_danielpwils01 :
Well I just now noticed something as well. About a month ago my CPU (an i5-6600k) ran around 26c at idle in the BIOS (My CPU Cooler is the Hyper 212 EVO). I just went into my BIOS again and my CPU was sitting at around 43c. Woah. Im a little freaked out. Could dust alone have that big of an impact after just a month or two or could it be something else? Maybe I will just take a can of compressed air to the heatsink quickly and see if that makes any differences?
Yes, it absolutely could. If it accumulated a bunch of dust in that time it's certainly possible. However...
Measuring idle temps is a little tricky, particularly on Skylake and Kabylake CPUs. Windows is often doing things in the background causing little spikes in CPU load. Skylake (and Kabylake) CPUs temperature can change very quickly, so getting a real baseline idle measurement is a little luck of the draw. In any case, idle temps don't really matter much. You need to know whether your temps are under control at load. That's when you need to worry.

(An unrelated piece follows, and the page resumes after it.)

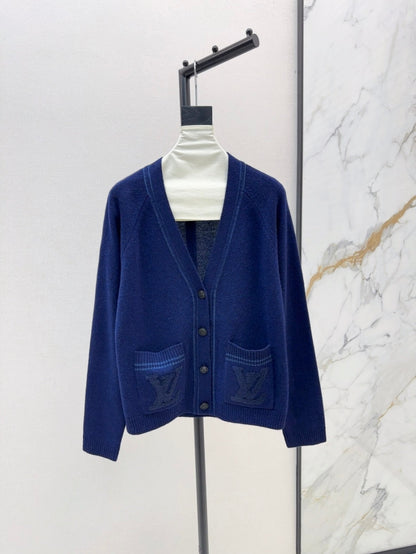 25fw knitted cashmere cardigan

It's a good idea to get a can of compressed air and clean it out. You can use it multiple times, and you can see how much dust comes out of your system when you clean it. Over time you can get a sense of how quickly your particular computer needs to be cleaned out. Having said that, if the load CPU and GPU temps are fine, and you can't physically see large amounts of dust around the PSU and VRMs on the motherboard, then there's no problem.